Le crash d’un avion égyptien a suscité un grand émoi et
provoqué une mobilisation générale en France. Pour qu’un
accident d’avion si loin de l’Hexagone, fasse autant courir les
Français, c’est qu’il est bien particulier.

D’autres drames, à
travers le monde, ne furent pas toujours l’objet de tant
d’attention. C’est que de nombreux Français ont perdu la vie
dans le drame. Paris, dès l’annonce du drame, a déployé
d’importants moyens pour repêcher les dépouilles des
disparus, Jacques Chirac en personne était à l’aéroport pour
encourager les familles des victimes. Dominique de Villepin a
présidé la cérémonie d’hommage aux morts de Charm El Cheik.
Bref, la France a pris fait et cause pour ses fils disparus en mer.

Ce n’est pas la première fois que les dirigeants français
s’emploient ainsi à secourir leurs ressortissants en détresse.
C’est une tradition non écrite mais ancrée dans les moeurs, que
l’on soit de gauche ou de droite. Le leitmotiv semble être
qu’aucun citoyen français, où qu’il soit, ne doit se sentir
abandonné par la patrie. La grandeur d’une nation se mesure
aussi à sa capacité à secourir ses citoyens dans le besoin.

Si
les récentes calamités qui ont frappé la France (canicule,
sécheresse, incendies, inondations) n’avaient pas rencontré la
prompte réaction de l’Etat, la situation aurait été davantage
catastrophique. Et la cote de popularité des dirigeants en
auraient pris un coup.
Les enjeux politiques de la solidarité à la française sont donc
évidents.

Dans un pays démocratique, où le peuple peut
demander des comptes et sanctionner ses dirigeants par la
voie des urnes, rien n’est pris à la légère. Les citoyens sont
regardants sur tous les aspects de la gestion du pouvoir d’Etat,
poussant toujours les responsables politiques vers les limites
de la performance. Plusieurs facteurs justifient donc l’attitude
très attentionnée de la France d’en haut vis-à-vis de celle d’en
bas : tradition de solidarité et de partage, devoir de secours de
l’Etat, souci de préserver l’image du pays à l’extérieur,
nécessités électorales.

Mais peu importe les arrière-pensées,
pourvu que les Français se sentent en sécurité ou, en cas de
besoin, ressentent la présence de la mère-patrie à leurs côtés.
Tel n’est pas le cas pour bon nombre d’Africains à qui leur Etat
ne pense que lors de la collecte des impôts ou l’organisation
des élections. Les drames qui frappent les populations sont
observées de loin par les plus hautes autorités qui préfèrent
déléguer d’obscurs fonctionnaires pour exprimer leur
compassion.

Cette négligence est inhérente au déficit
éducationnel, économique et démocratique, qui met face à face
des populations analphabètes et pauvres et des dirigeants peu
enclins à bâtir un véritable Etat de droit. Ainsi, ces "patrons" sont
tranquilles dans leurs palaces et leurs limousines, sans crainte
d’être interpellés, encore moins mis en difficulté par les urnes.

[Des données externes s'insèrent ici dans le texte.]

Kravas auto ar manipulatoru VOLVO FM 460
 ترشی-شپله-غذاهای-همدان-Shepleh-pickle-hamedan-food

La solidarité, chez eux, se pratique de façon hiérarchisée.
D’abord le clan familial, puis l’ethnie et enfin les fidèles. Le
cercle des privilégiés se referme aussitôt après. A eux tous les
avantages de l’Etat, à eux les richesses nationales. Pour les
autres, des opérations médiatisées de solidarité factice sont
organisées. A eux donc les miettes du gâteau.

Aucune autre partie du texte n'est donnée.